» **Input for this task**:
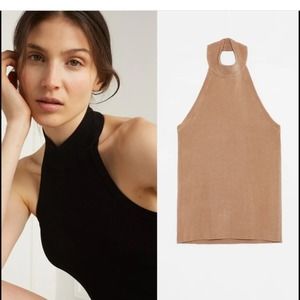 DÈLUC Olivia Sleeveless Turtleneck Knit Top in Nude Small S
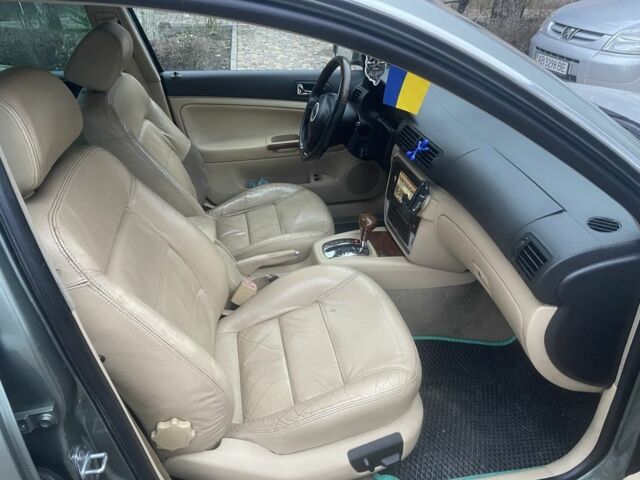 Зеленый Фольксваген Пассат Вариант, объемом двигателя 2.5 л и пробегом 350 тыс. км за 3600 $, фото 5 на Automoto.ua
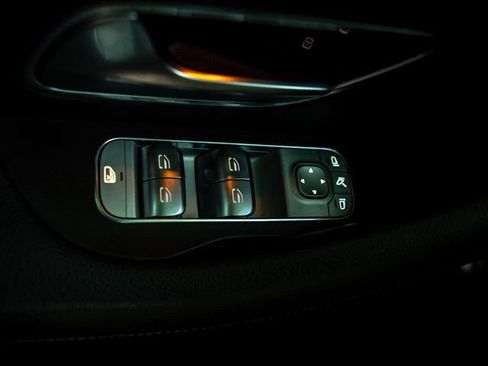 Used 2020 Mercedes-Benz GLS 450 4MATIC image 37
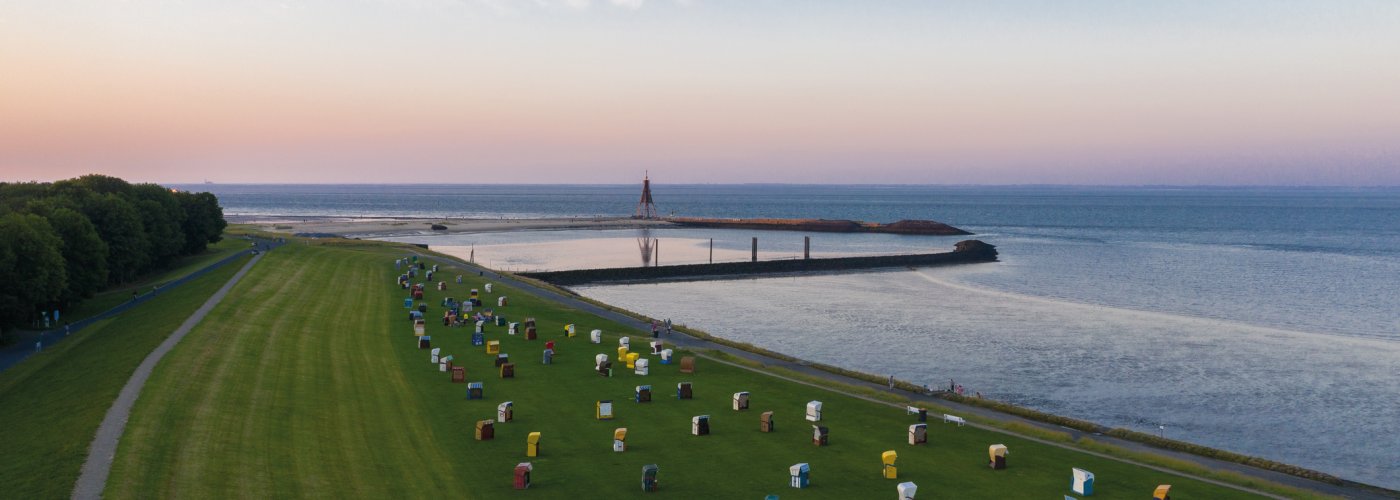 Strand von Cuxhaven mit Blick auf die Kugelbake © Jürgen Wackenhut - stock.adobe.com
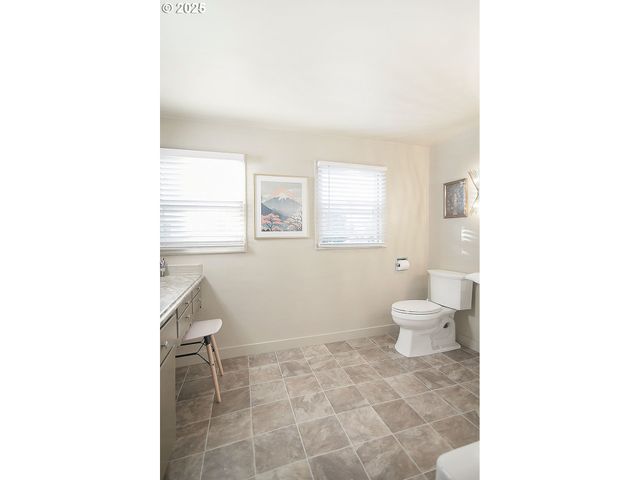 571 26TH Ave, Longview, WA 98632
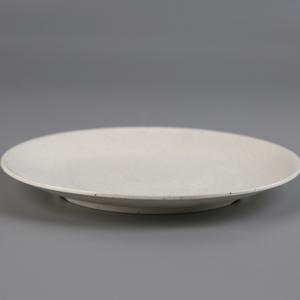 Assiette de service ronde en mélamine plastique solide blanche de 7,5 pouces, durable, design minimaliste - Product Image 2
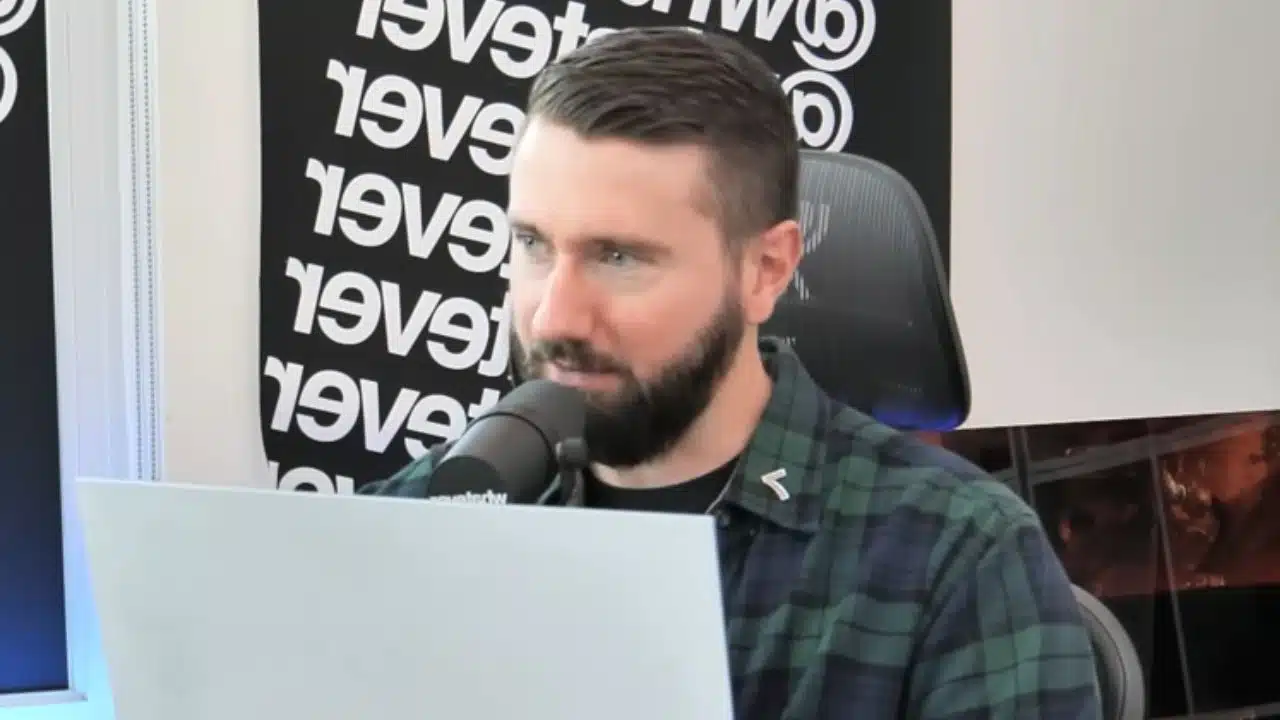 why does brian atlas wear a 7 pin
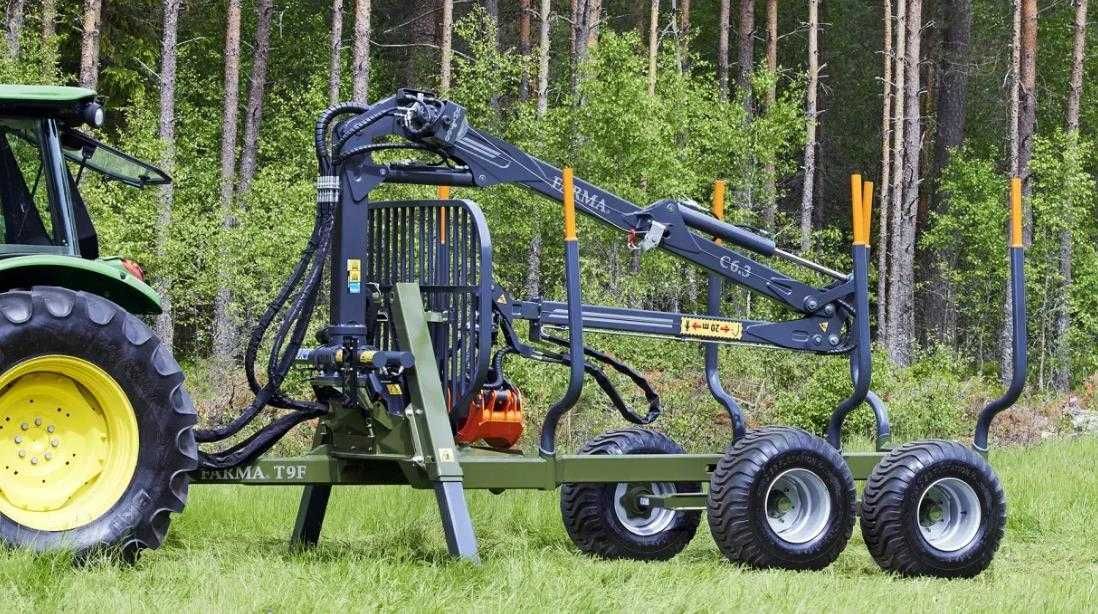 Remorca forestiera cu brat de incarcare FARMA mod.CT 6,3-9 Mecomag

» **Task brief**: Repeat word for word the lines beginning at the one with "why does brian atlas wear a 7 pin" and ending at the final line of the records above, both included, and no others. Leave the pictures out.

» **Exercise result**:
 why does brian atlas wear a 7 pin
 Remorca forestiera cu brat de incarcare FARMA mod.CT 6,3-9 Mecomag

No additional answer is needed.